ABOUT THIS TASK >> Could the data below be printed out exactly, with the pictures left out?
*** AVAILABLE DATA ***
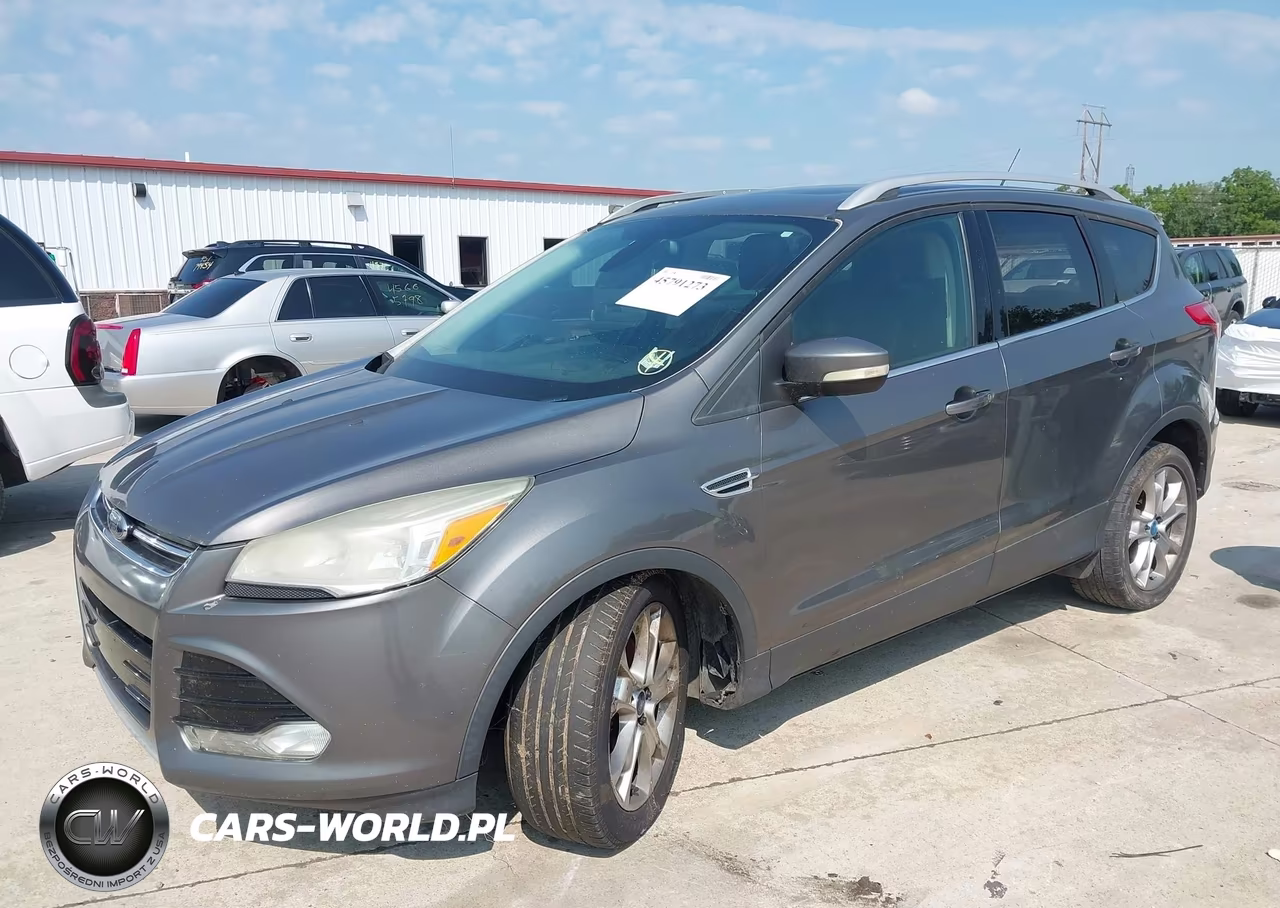 2014 Ford Escape Titanium VIN:1FMCU0J91EUA40128 - 2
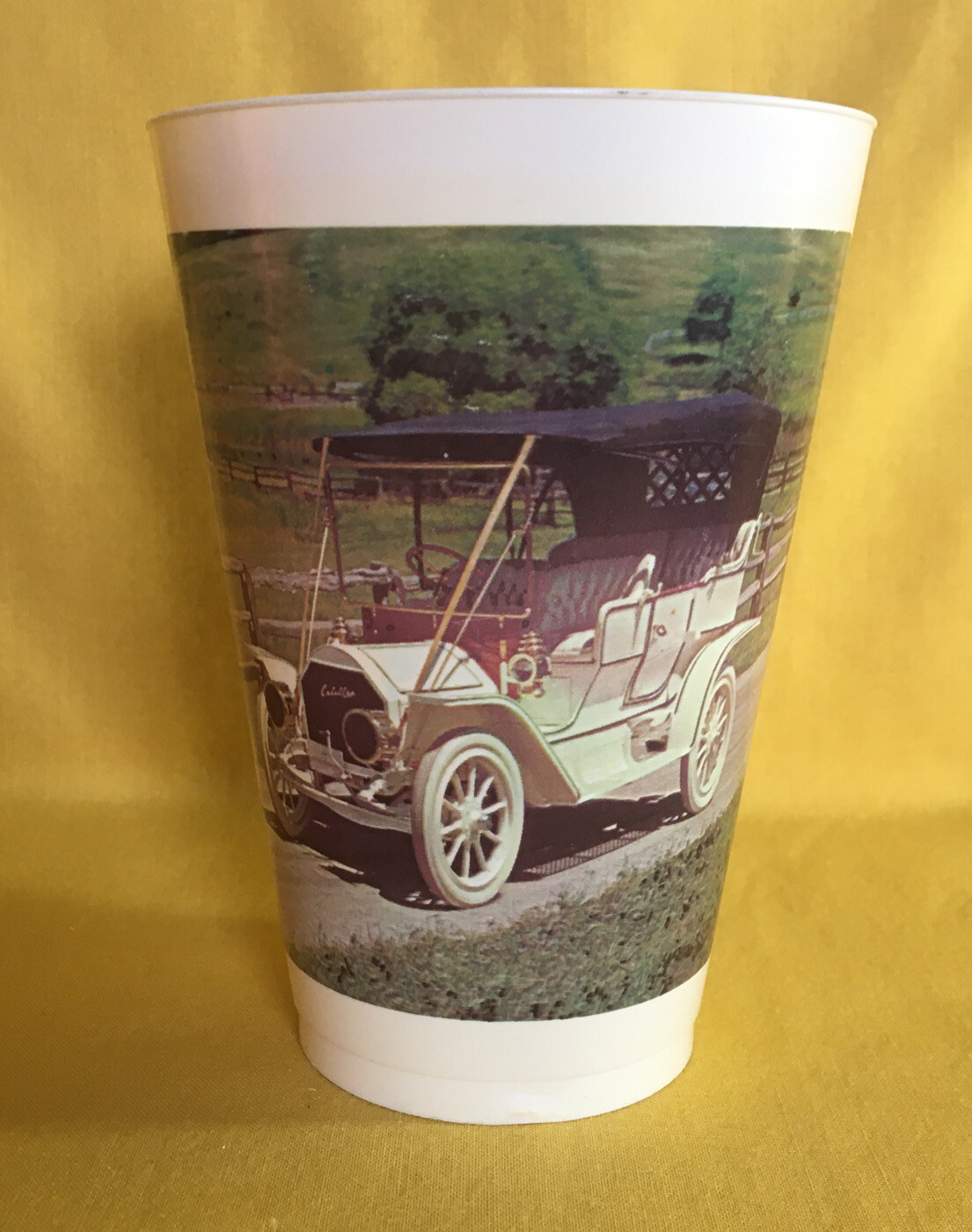 Lot Of 5 Vintage Classic Car Collector’s Cups Mohawk Gas Station Canada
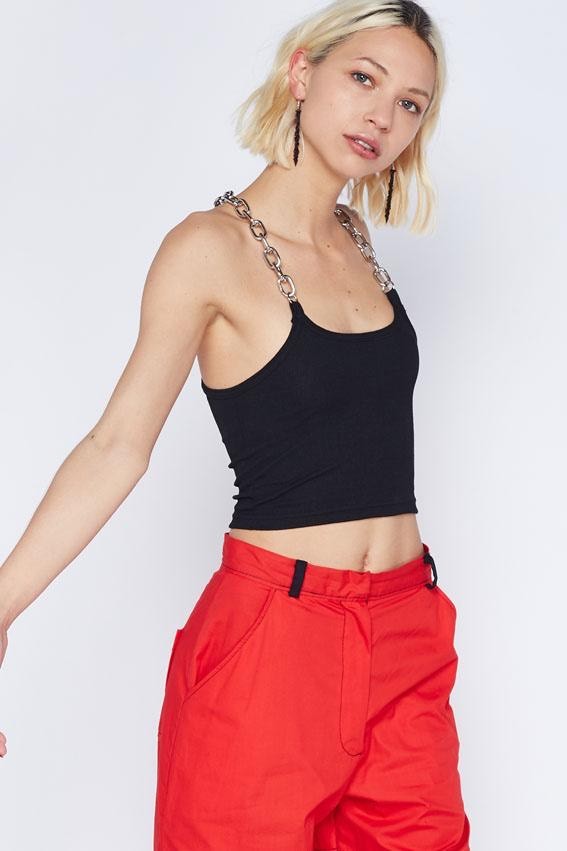 Shackle Top Black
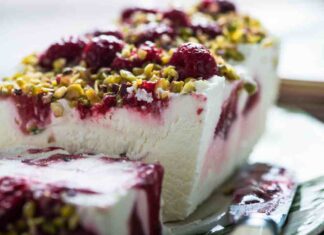 Semifreddo light alla frutta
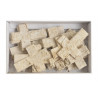 Krzyżyki 7,5x6cm, 24szt-kart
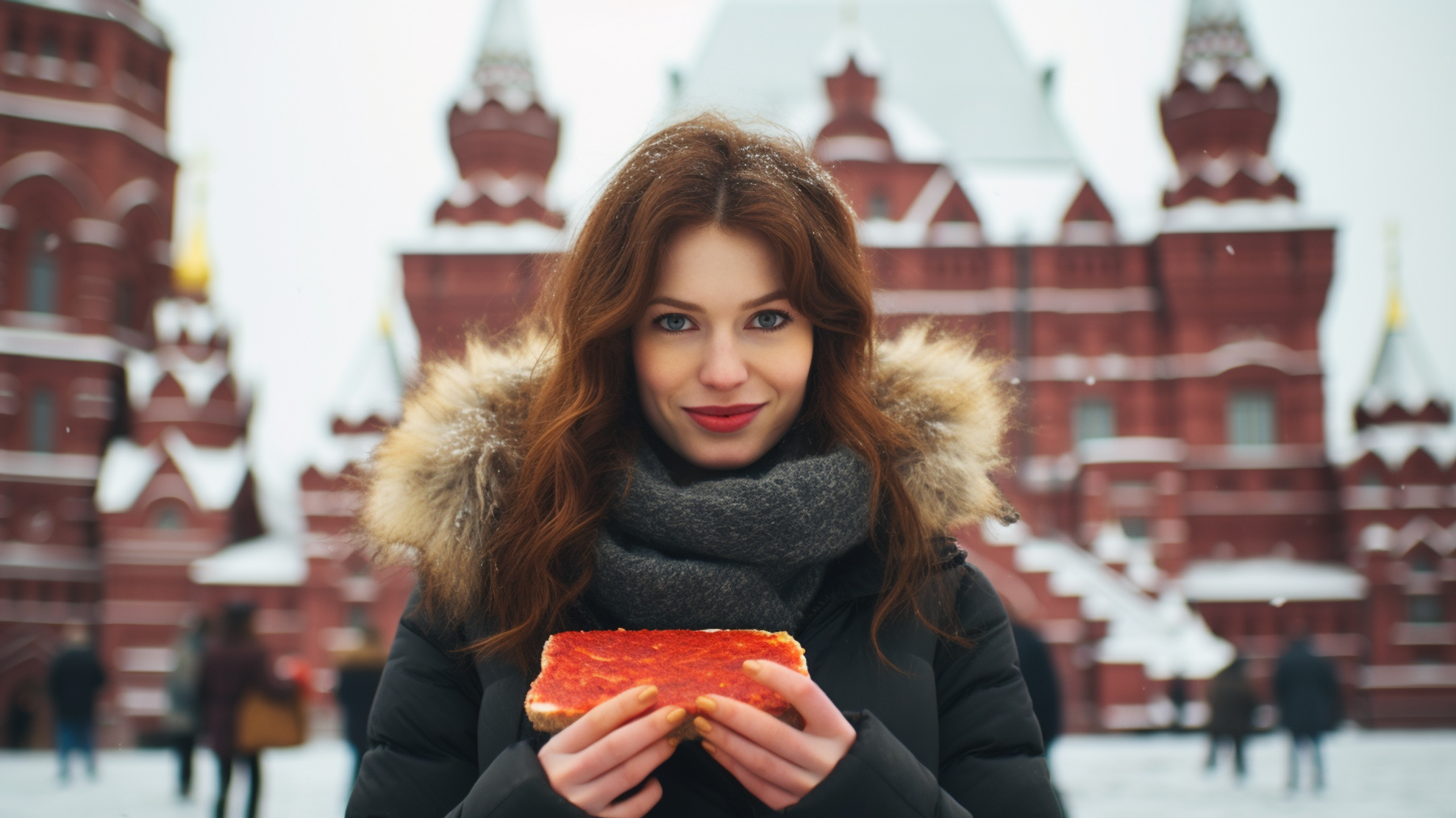 Юрист рассказала, почему задержали девушку, устроившую фотосессию с икрой на Красной Площади  - News-hub.ru, 07.12.2023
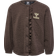 Hummel Issa Sweat Jacket - Chocolate Brown (225542-8026)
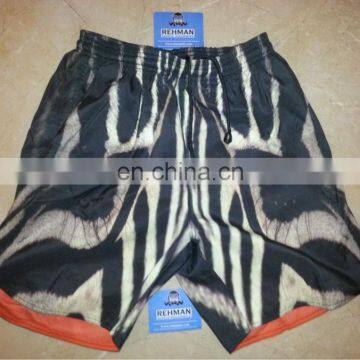 Shorts with sublimation printing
*** End of AVAILABLE DATA ***
RESULT >>
 2014 Ford Escape Titanium VIN:1FMCU0J91EUA40128 - 2
 Lot Of 5 Vintage Classic Car Collector’s Cups Mohawk Gas Station Canada
 Shackle Top Black
 Semifreddo light alla frutta
 Krzyżyki 7,5x6cm, 24szt-kart
 Юрист рассказала, почему задержали девушку, устроившую фотосессию с икрой на Красной Площади  - News-hub.ru, 07.12.2023
 Hummel Issa Sweat Jacket - Chocolate Brown (225542-8026)
 Shorts with sublimation printing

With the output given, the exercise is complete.